As we passed through the beautiful lanes of Sangla, we observed almost all the houses/hotels had an apple garden whether it was small or big. We could see trees loaded with apples everywhere our eyes could go. Not only apples, many other trees laden with fruits such as pears, apricots, walnuts were also abundant in Sangla. We walked by the side of the orchards to reach Bairing Nag temple which is a living example of the Kinnauri craftsmanship. The temple has a beautiful architecture inspired from Buddhist style and has beautiful wooden carvings. A little walk down the path besides the temple and there we were near the Baspa river flowing unabatingly and stealing hearts with it's clear emerald green water. The whole set up was a picturesque sight surrounded by mountains and apple orchards and a small bridge over the river with fluttering prayer flags added to it's beauty. We sat by the river enjoying it's sweet sound and eternal beauty. As sun started setting beyond the distant mountains, it was time for us to go back to the hotel and as we started walking upward, we met an elderly lady who gestured "Namaste" to us and started a nice conversation about where we came from, where we stayed and what all places we wanted to visit. It was quite surprising as we do not usually see people greeting strangers in such a warm way without having their own interest. We also met a young lady on the way who gave us an insight about the life of people in Sangla. She even invited us for a cup of tea at her house which we humbly declined as it was already late in the evening. But these two small incidents that day made me fall in love with Sangla and it's people and I understood it's not only the beauty of the place that attracts strangers in to this land of God, but also the golden hearts of it's people.

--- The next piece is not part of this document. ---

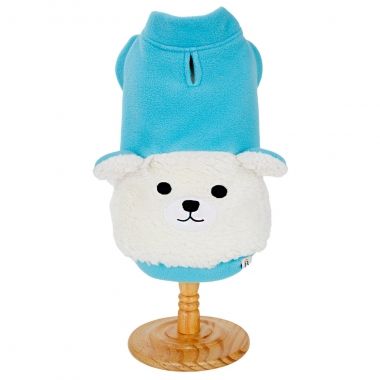 Blusa Pel�cia Urso Azul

Next morning after breakfast we started for Chhitkul which is around 25 kilometers from Sangla, but the road condition makes it a journey of around 1 and half hours by car. Chhitkul always seemed interesting to me being the last inhabited village of Indo Tibet border and having a dhaba which claimed to be the last dhaba of India named "Hindustan Ka Akhri Dhaba". All through the journey the mountains with yellow patches of trees, beautiful valleys with patches of pink, vast apple gardens loaded with apples, wild flowers peeking out of the gaps in between the stones and herds of sheep passing through were enough to keep us engrossed. Chhitkul looked amazingly beautiful and looked like a valley from Switzerland. One of my friends had truly said, had Yashraj films tried to explore this part of India, they would not have gone so far to Switzerland to shoot for the famous movie DDLJ. Chhitkul is a small village with traditional houses and a few shops one of which sells the best coffee I ever tasted in my life. Chhitkul mainly boasts of a valley surrounded by snow capped mountains with Baspa river passing through it and is probably the best place to witness various colors of nature. The yellow and pink colored shrubs or the moss covered ground, the trees with yellow leaves or the crystal clear water of the Baspa river, everything makes it a coveted place for nature lovers. We sat by the side of the river for sometime wondering how beautiful a place could be which makes us forget everything else and connects us to the the greater soul so easily. On the way back, we stopped at Rakhcham for lunch which too is a beautiful village in between Sangla and Chhitkul. Many people opt to stay here instead of Sangla for it's isolation from the crowd and the amazing views. Rakhcham too has a picturesque valley and in case you have time you could trek through the forest from Rakhcham to Sangla which I am sure must be a great experience.

Next morning we visited Kamru fort which is one of the oldest forts of Himachal having a tower like structure mainly built with stones and wood. It took us around 20-25 minutes to reach the fort through a steep set of steps that looked unending at a point and after such a tiresome journey it was quite disappointing to know that entry was not permitted to the main fort. So we visited the Kamakshya Devi temple in the fort premise and came back to proceed to our next destination. Sangla was beautiful for it's stunning views, it's majestic mountains, it's apple orchards and moreover it's welcoming people and in the 1st visit it surely made an entry to a very special corner of my heart.